_Supplied information_
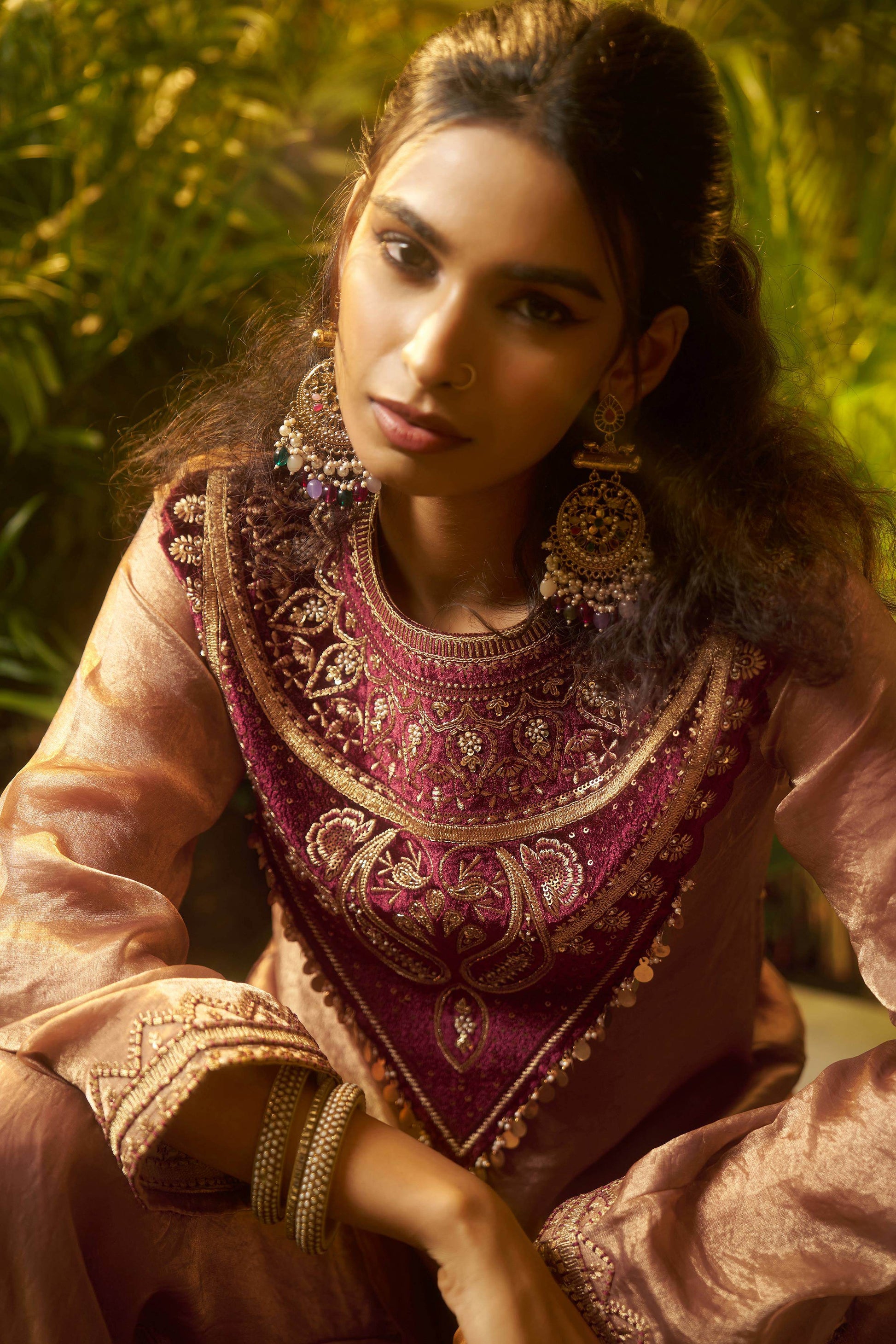 Charming Peach Patch Work Organza Party Wear Co-Ord Set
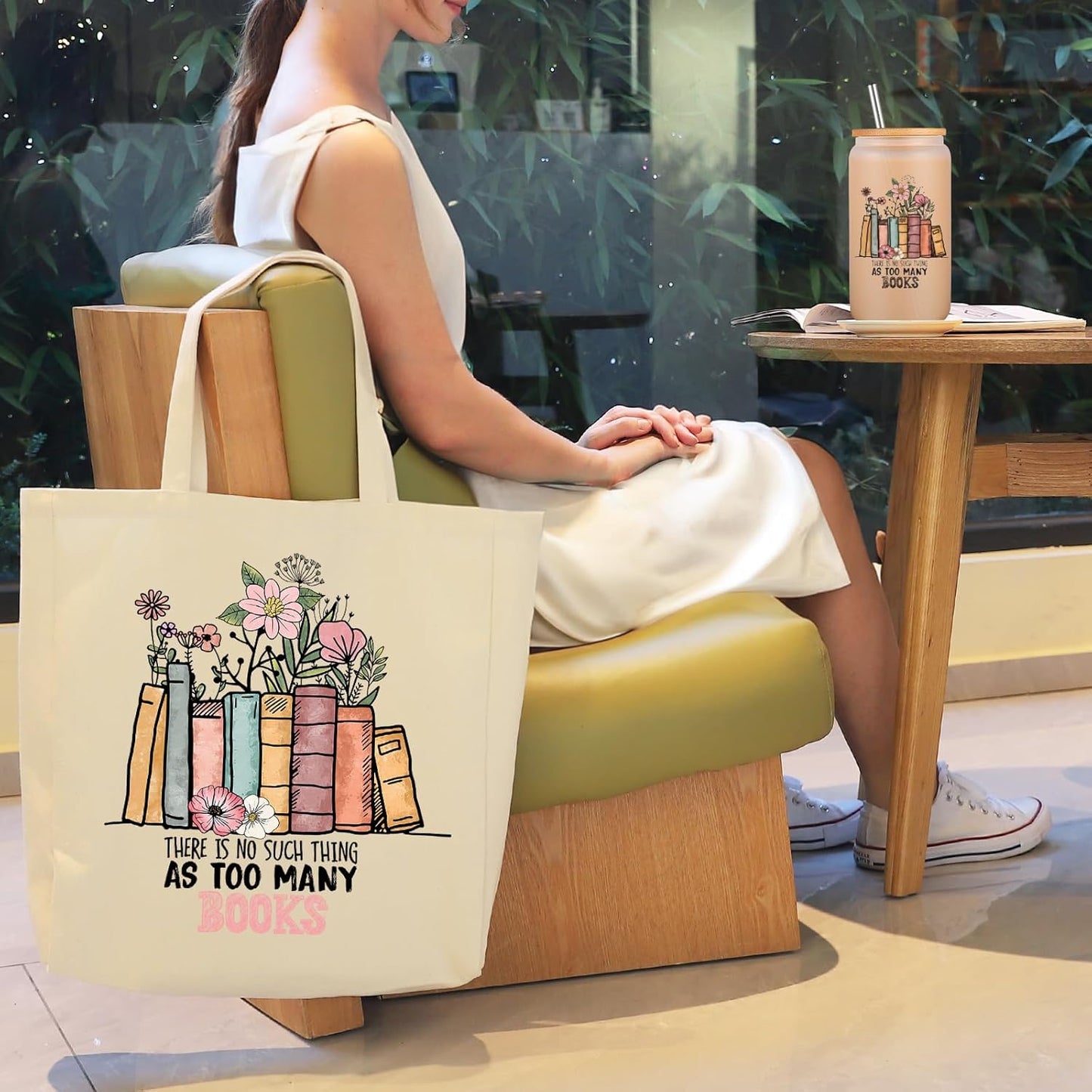 Fairy's Gift Book Lovers 캔버스 토트백 & 반투명 유리 컵 세트, 책 애호가를 위한 어머니의 날 생일 책 선물, 독자를 위한 선물, 여성 사서 교사, 독서 액세서리, 책벌레 선물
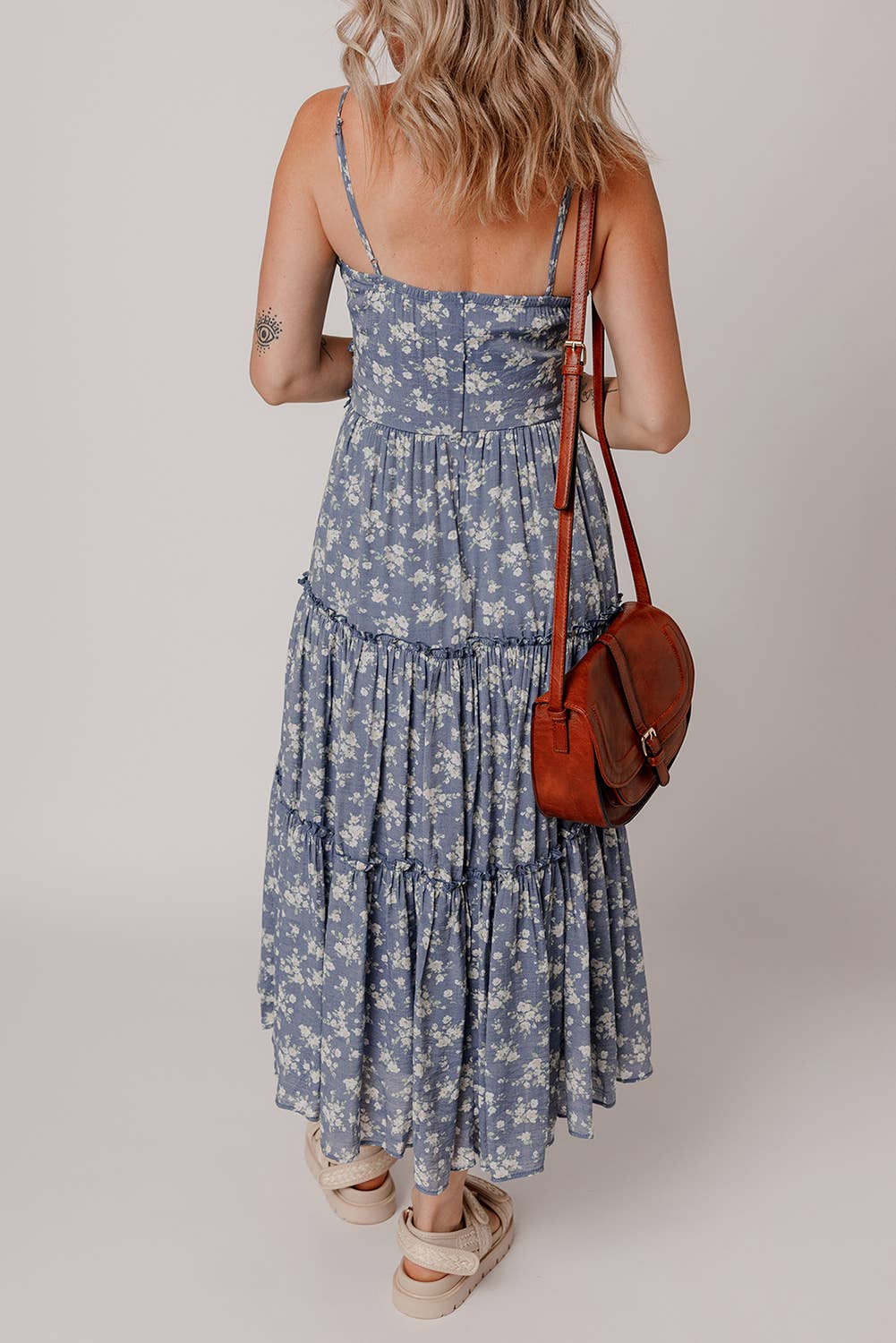 Floral Spaghetti Strap Frilled V Neck Tiered Midi Dress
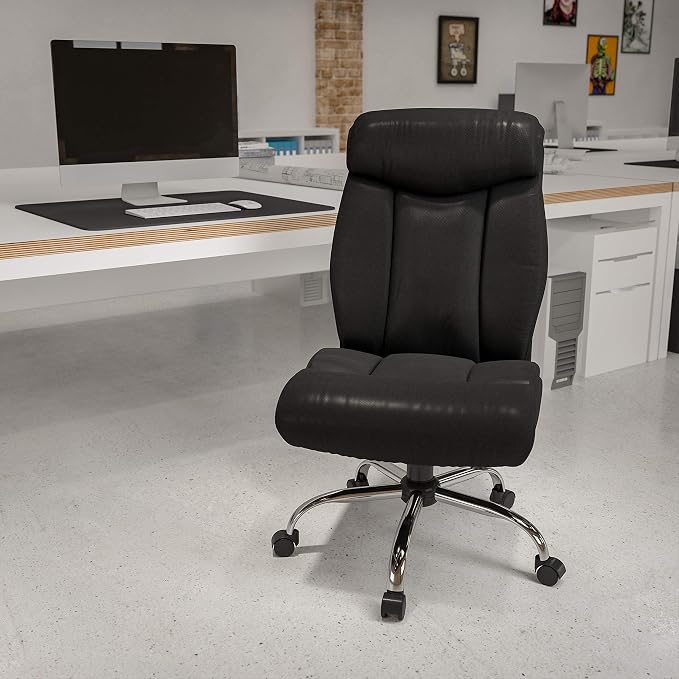 Flash Furniture Hercules Series Big & Tall LeatherSoft Swivel Office Chair, Ergonomic High-Back Executive Chair with Full Headrest, Padded Seat, Black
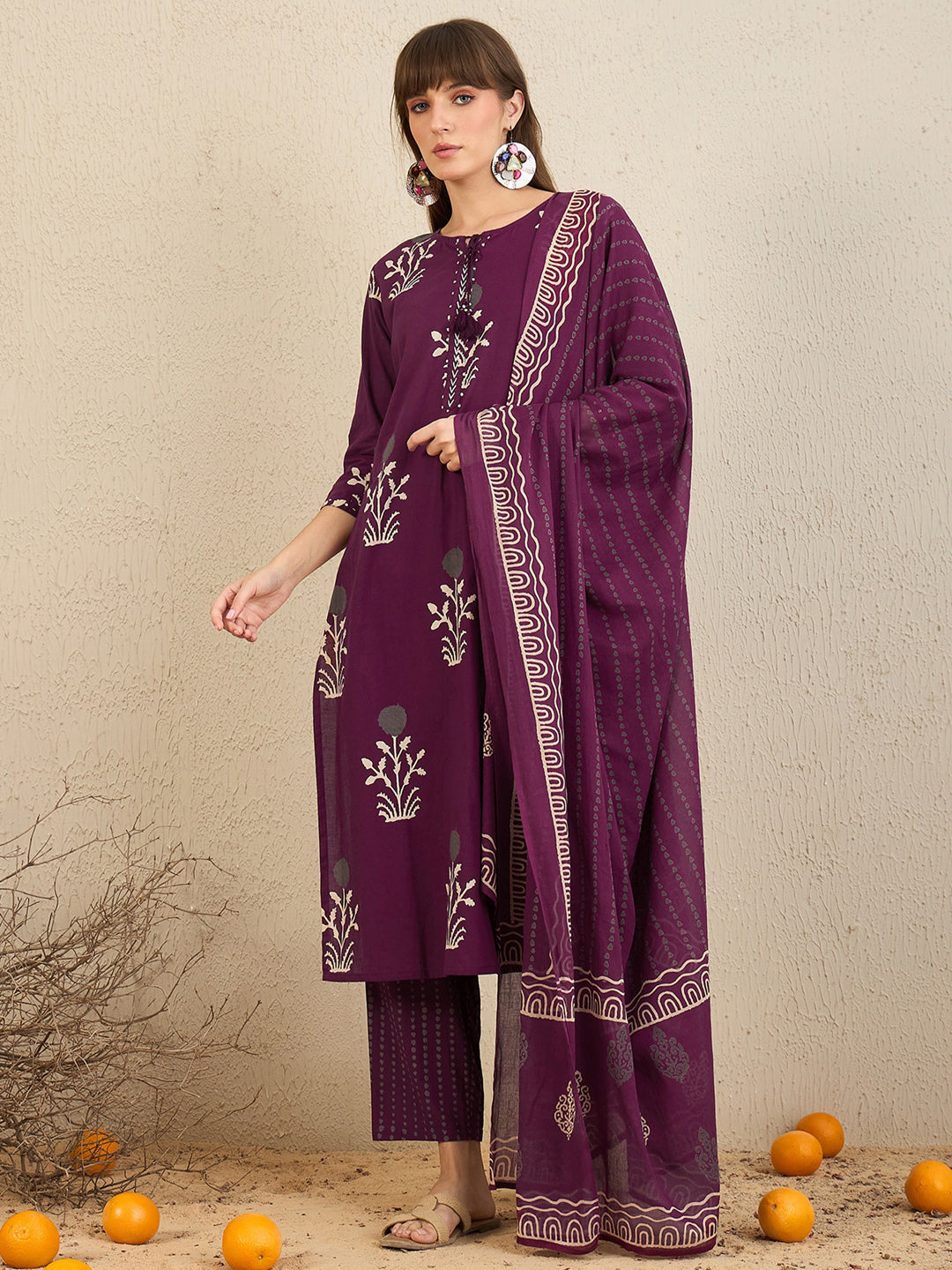 Indo Era Burgundy Printed Straight Kurta Trousers With Dupatta Set
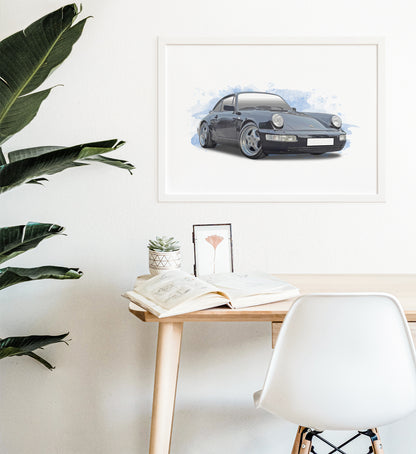 Personalised Porsche 911 964 Art Print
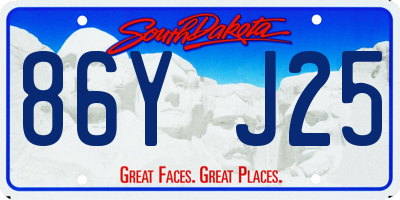 SD license plate 86YJ25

_Description of the task_
Write out the lines beginning at the line with "Fairy's Gift Book" and ending at the last line of the entries. Include no pictures.

_Result of this task_
 Fairy's Gift Book Lovers 캔버스 토트백 & 반투명 유리 컵 세트, 책 애호가를 위한 어머니의 날 생일 책 선물, 독자를 위한 선물, 여성 사서 교사, 독서 액세서리, 책벌레 선물
 Floral Spaghetti Strap Frilled V Neck Tiered Midi Dress
 Flash Furniture Hercules Series Big & Tall LeatherSoft Swivel Office Chair, Ergonomic High-Back Executive Chair with Full Headrest, Padded Seat, Black
 Indo Era Burgundy Printed Straight Kurta Trousers With Dupatta Set
 Personalised Porsche 911 964 Art Print
 SD license plate 86YJ25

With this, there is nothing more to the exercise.